• **Your instructions**
Reproduce the whole listing exactly and let no picture into the copy.

BEGIN Given information

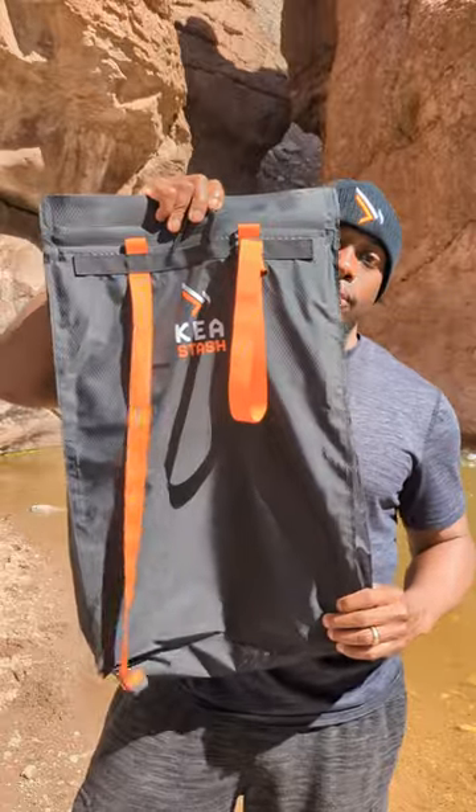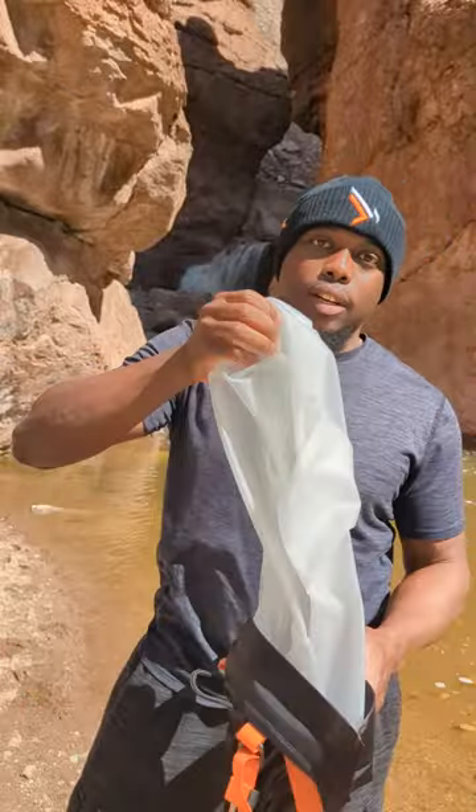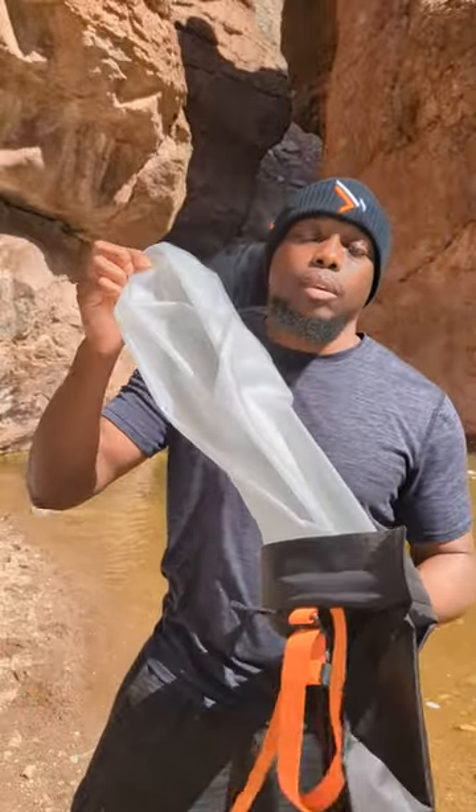Hey, what's going on? It's Stover from Hiker Life and today we're talking about the Kia Stash. The Kia Stash is a compact bag for your trash. It has a liner on the inside. But I'm also going to show you what else you can use it for besides trash.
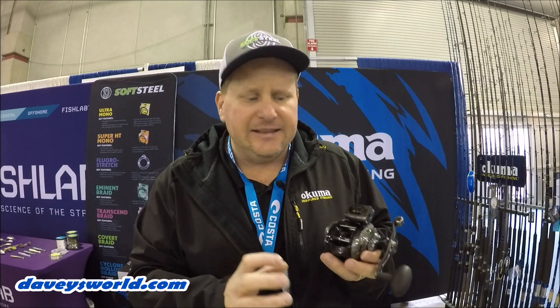First of all, it's got a deep-set, fully machined aluminum spool. Lots of capacity, very rigid — you're not going to get any flexing in that spool.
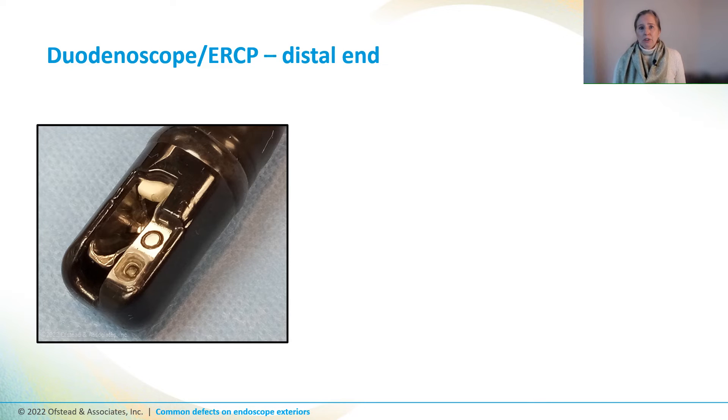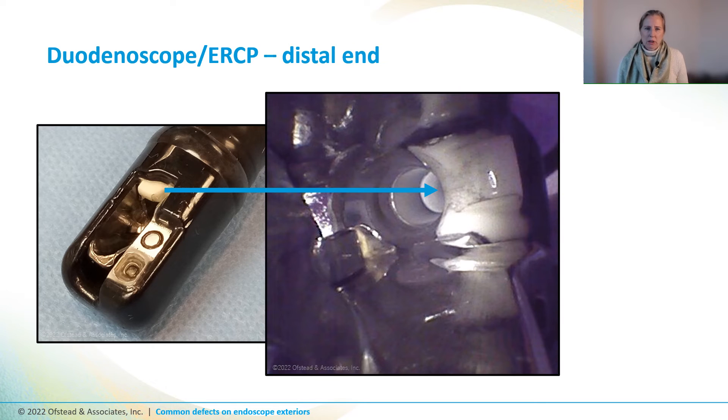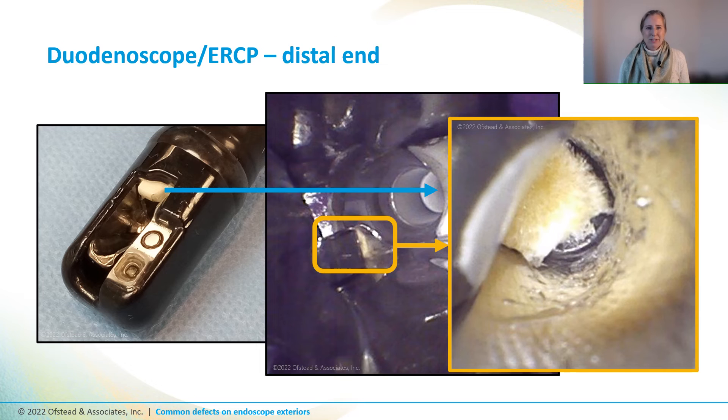Now this is the distal end of an ERCP scope, and the white component looked kind of dirty with black stuff on it. What really caught my eye was a glint of something yellow up under the elevator. We couldn't get a really good photo with a smartphone, so we used a boroscope to get under the elevator — and what did we find? Some sort of mushy or fluffy yellow stuff. We don't know what it is or how it got there, but the techs couldn't get it out, so they sent the scope out for repair.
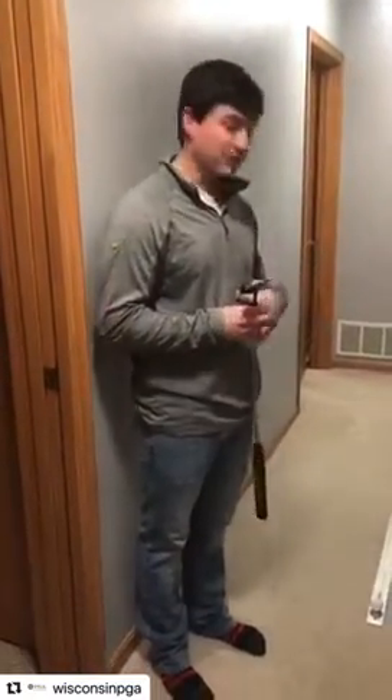Hi, I'm John Adams, PGA professional here with Golf Tech in Madison, and I have one of my favorite putting drills for you guys here today.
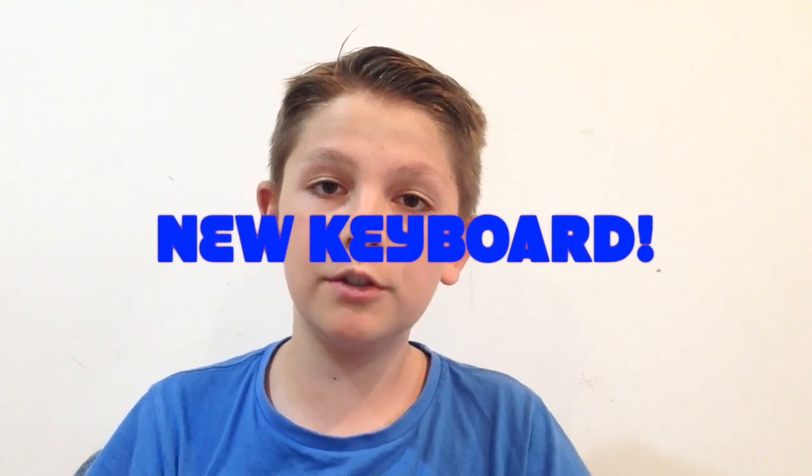Hello everyone and welcome back to speed typing. This is going to be a very epic video because I'm going to be doing my first ever unboxing review of a mechanical keyboard, and I've never typed on a mechanical keyboard in my life, so this is going to be epic.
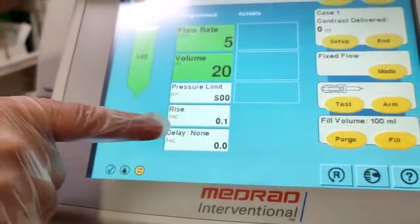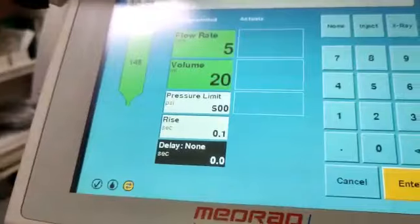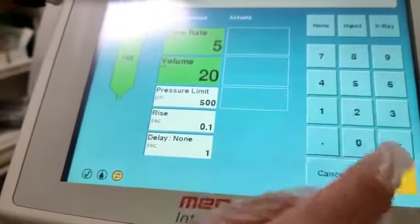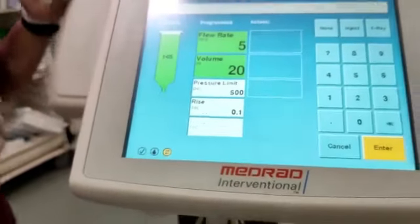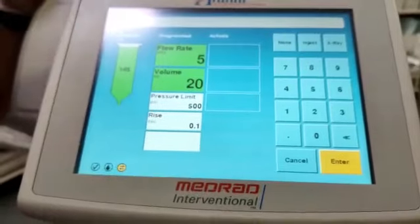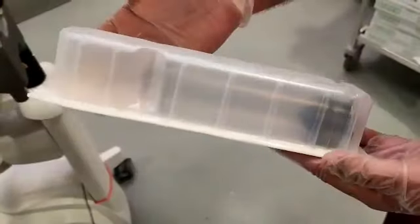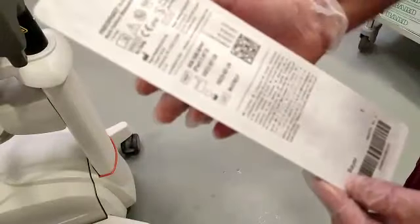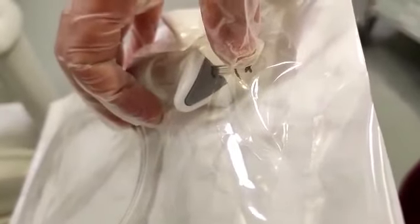There is also an X-ray delay parameter — for example, if I set a delay of one second, the injector will wait one second after the X-ray starts before beginning the injection, as per your set parameters. The disposable items for this injector include the injector syringe and the hand controller. The hand controller has one button for contrast injection and another for saline flush. This is the port where you connect the hand controller.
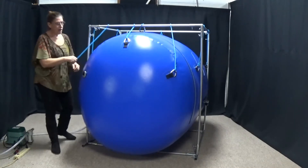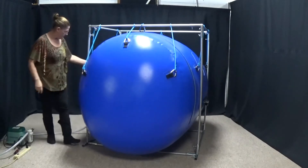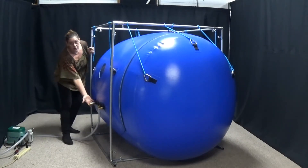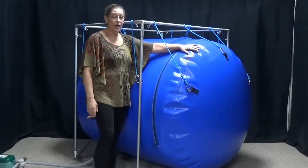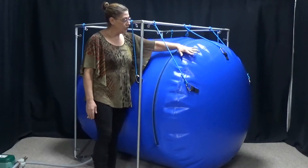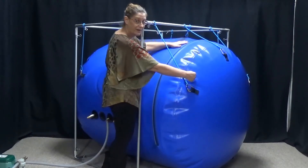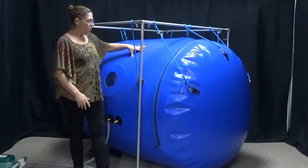I'll go ahead and turn off my compressor and allow this to deflate. On this side you have a deflate valve with a black lever on it. When it was shipped to you the lever was closed — you'll see that it goes across the silver cylinder. To open it up, I'm just going to turn that lever. Now my chamber is down to zero PSI and the material is kind of soft. Once your material is soft, the chamber's no longer holding pressure, and it's okay to go ahead and open up your zippers.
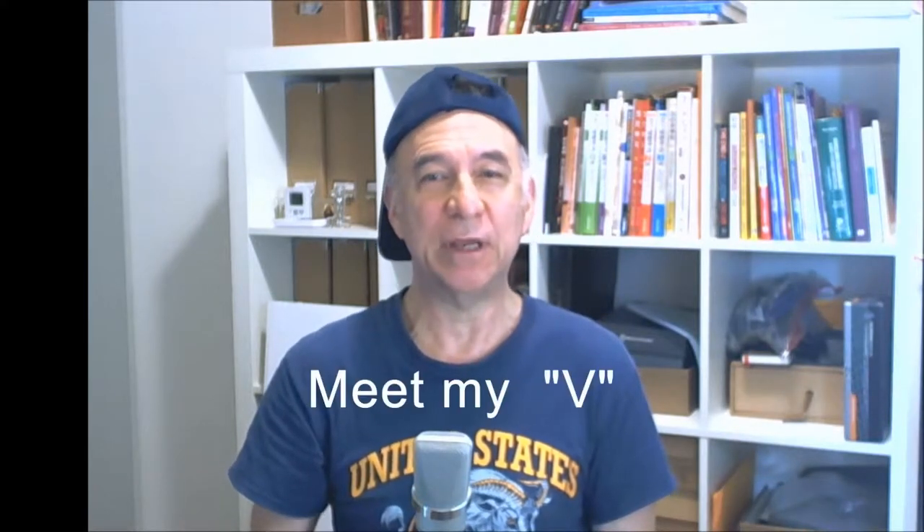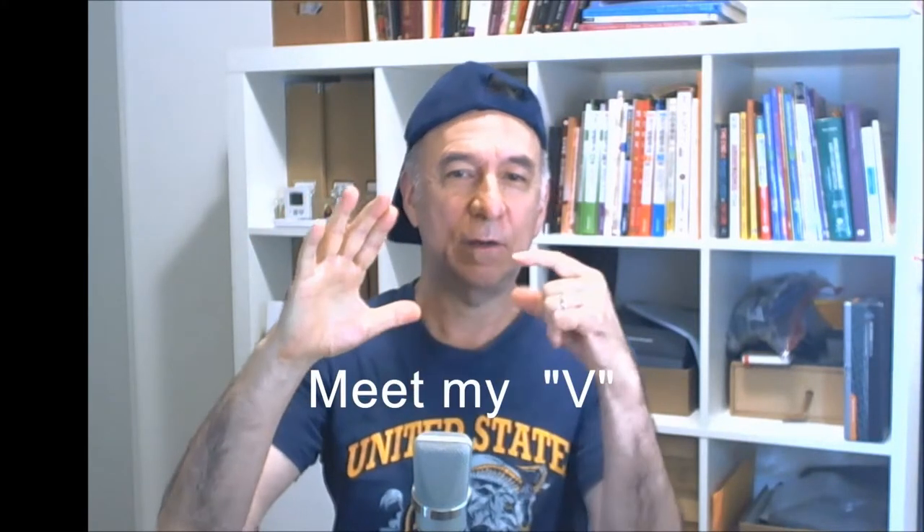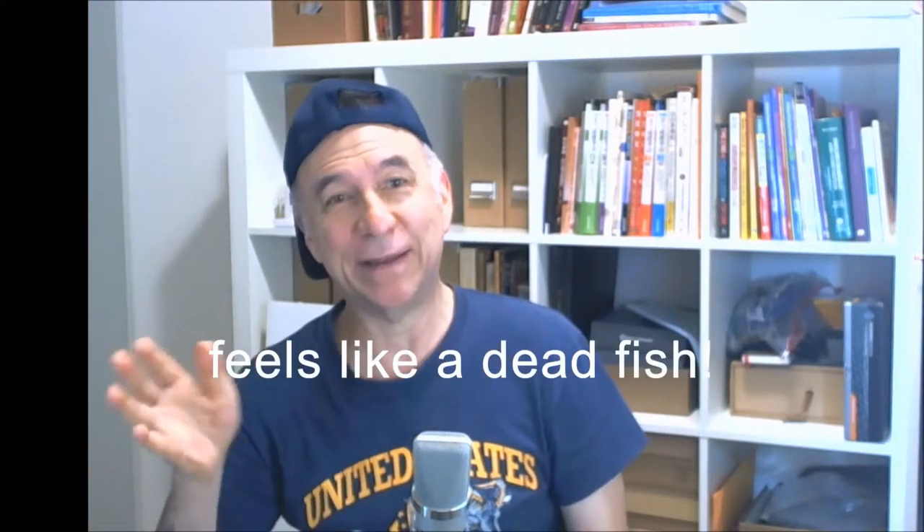Then I teach them to meet my V with their V — all the way in. No finger shake. Now squeeze. If they don't squeeze, I tell them it feels like a dead fish.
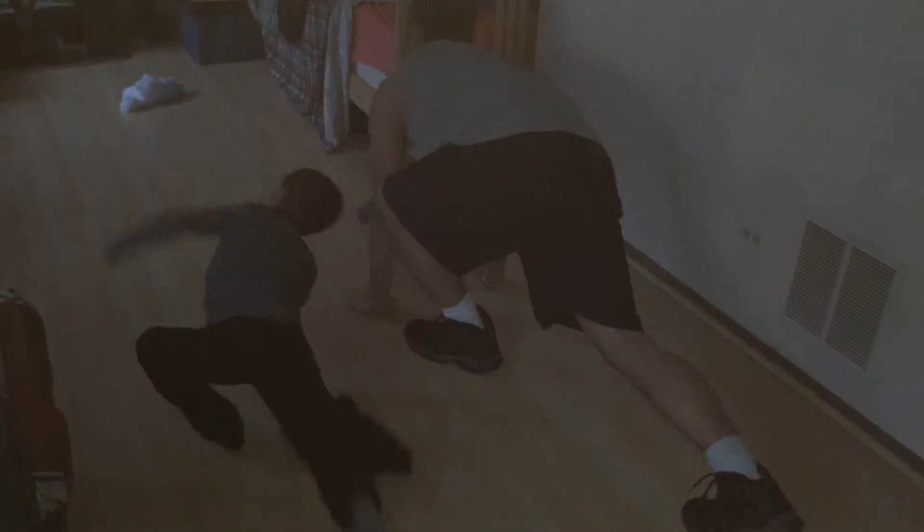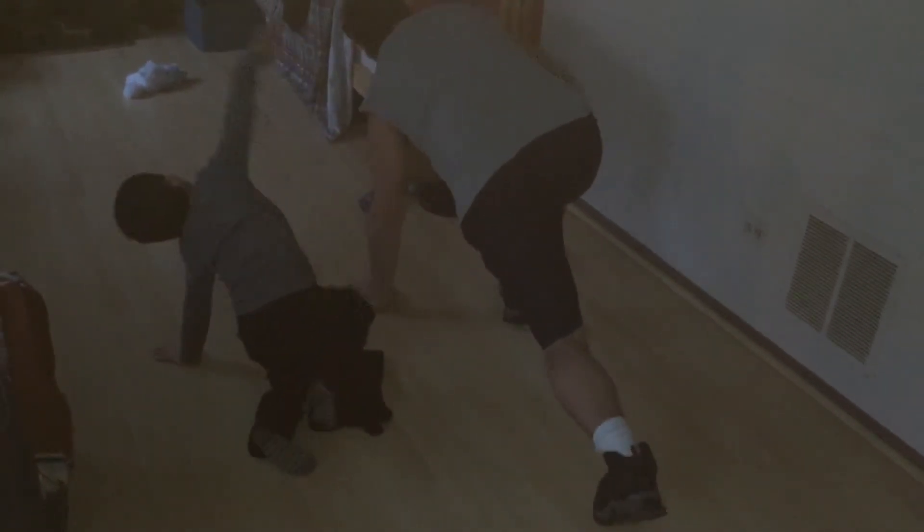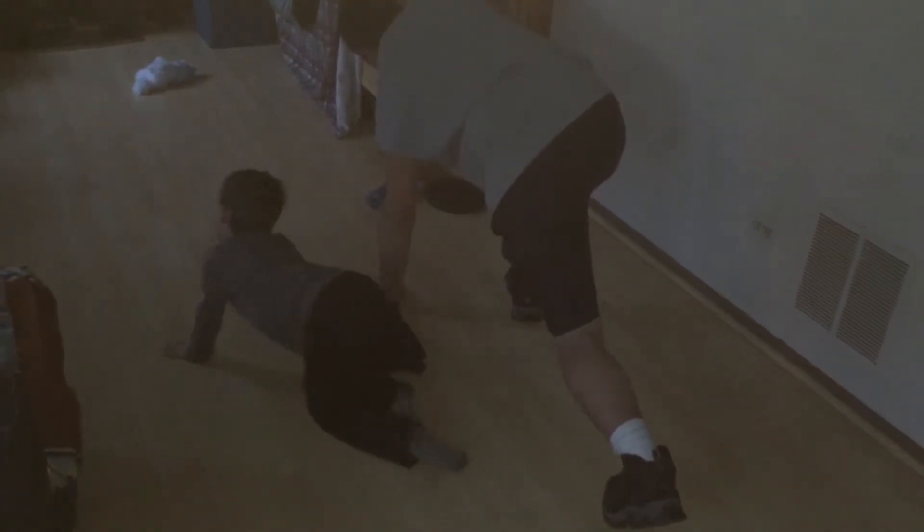Place it down. Left foot forward. Abs in, one long line. Reaching. Hand comes down. We have two more. Right, and open. Hand goes down. Left comes forward. And open.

END Given information

• **Written reply**
Hey, what's going on? It's Stover from Hiker Life and today we're talking about the Kia Stash. The Kia Stash is a compact bag for your trash. It has a liner on the inside. But I'm also going to show you what else you can use it for besides trash.
First of all, it's got a deep-set, fully machined aluminum spool. Lots of capacity, very rigid — you're not going to get any flexing in that spool.
Now this is the distal end of an ERCP scope, and the white component looked kind of dirty with black stuff on it. What really caught my eye was a glint of something yellow up under the elevator. We couldn't get a really good photo with a smartphone, so we used a boroscope to get under the elevator — and what did we find? Some sort of mushy or fluffy yellow stuff. We don't know what it is or how it got there, but the techs couldn't get it out, so they sent the scope out for repair.
Hi, I'm John Adams, PGA professional here with Golf Tech in Madison, and I have one of my favorite putting drills for you guys here today.
Hello everyone and welcome back to speed typing. This is going to be a very epic video because I'm going to be doing my first ever unboxing review of a mechanical keyboard, and I've never typed on a mechanical keyboard in my life, so this is going to be epic.
There is also an X-ray delay parameter — for example, if I set a delay of one second, the injector will wait one second after the X-ray starts before beginning the injection, as per your set parameters. The disposable items for this injector include the injector syringe and the hand controller. The hand controller has one button for contrast injection and another for saline flush. This is the port where you connect the hand controller.
I'll go ahead and turn off my compressor and allow this to deflate. On this side you have a deflate valve with a black lever on it. When it was shipped to you the lever was closed — you'll see that it goes across the silver cylinder. To open it up, I'm just going to turn that lever. Now my chamber is down to zero PSI and the material is kind of soft. Once your material is soft, the chamber's no longer holding pressure, and it's okay to go ahead and open up your zippers.
Then I teach them to meet my V with their V — all the way in. No finger shake. Now squeeze. If they don't squeeze, I tell them it feels like a dead fish.
Place it down. Left foot forward. Abs in, one long line. Reaching. Hand comes down. We have two more. Right, and open. Hand goes down. Left comes forward. And open.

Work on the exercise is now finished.